Up: Component summary Component

BiomartAnnotator

Fetches attributes with given filters using BioMart. This component uses the R-function getBM to fetch given attributes for a list of filter values. See documentation of the R-package biomaRt.

There are two modes of operation when input filter is given: one filter row at a time (batchSize=1) and all filter values in blocks (batchSize>1). In batchSize=1 mode, there is always a unique row for each filter row in the result file. In batchSize>1 mode, there may be several result rows for one filter row, rendering it difficult to interpret results. This happens when querying genes associated to Gene Ontology terms, for instance. However, when annotating, e.g., a gene or a microarray probe, there typically is exactly one row for a filter value. Batch mode is significantly faster than non-batch mode. In batch mode, the filter must also be included as an attribute so that results can be mapped to input query values. This is set with idAttribute, which defaults to the filter type of the filter.
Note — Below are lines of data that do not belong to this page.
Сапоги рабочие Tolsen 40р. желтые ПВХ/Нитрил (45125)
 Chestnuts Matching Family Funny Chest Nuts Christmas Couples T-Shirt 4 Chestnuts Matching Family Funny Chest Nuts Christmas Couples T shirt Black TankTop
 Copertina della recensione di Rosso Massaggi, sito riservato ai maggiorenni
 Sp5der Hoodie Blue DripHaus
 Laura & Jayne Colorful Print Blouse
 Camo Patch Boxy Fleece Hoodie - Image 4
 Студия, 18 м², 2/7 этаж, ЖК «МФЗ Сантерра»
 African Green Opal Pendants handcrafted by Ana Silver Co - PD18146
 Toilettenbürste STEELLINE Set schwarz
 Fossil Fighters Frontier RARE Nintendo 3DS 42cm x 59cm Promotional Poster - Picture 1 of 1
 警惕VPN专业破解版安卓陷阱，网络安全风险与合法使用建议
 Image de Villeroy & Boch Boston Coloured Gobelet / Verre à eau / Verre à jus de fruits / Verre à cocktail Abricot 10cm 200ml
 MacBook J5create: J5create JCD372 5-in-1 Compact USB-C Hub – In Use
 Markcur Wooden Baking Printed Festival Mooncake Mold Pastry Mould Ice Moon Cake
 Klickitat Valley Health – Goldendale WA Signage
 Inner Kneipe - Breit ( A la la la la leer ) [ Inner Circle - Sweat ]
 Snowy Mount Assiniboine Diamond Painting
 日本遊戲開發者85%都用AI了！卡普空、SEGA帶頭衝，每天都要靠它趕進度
The query to BioMart database can also be made defining the filters using the constantFilters parameter. This must be done using the non-batch mode (batchSize=1)

There can be more than one filter, except when batchSize>1, which is currently limited to one filter.

If one filter value produces multiple attribute values for one attribute those values are collapsed into a comma separated list. NA and duplicate values are removed from the filter value list before querying the BioMart database.

Available databases, filters and attributes can be browsed through BioMart web site. You may select the mart database and use the query tool to select the settings of interest. The actual keywords can be seen in the XML output that can be generated based on the selections.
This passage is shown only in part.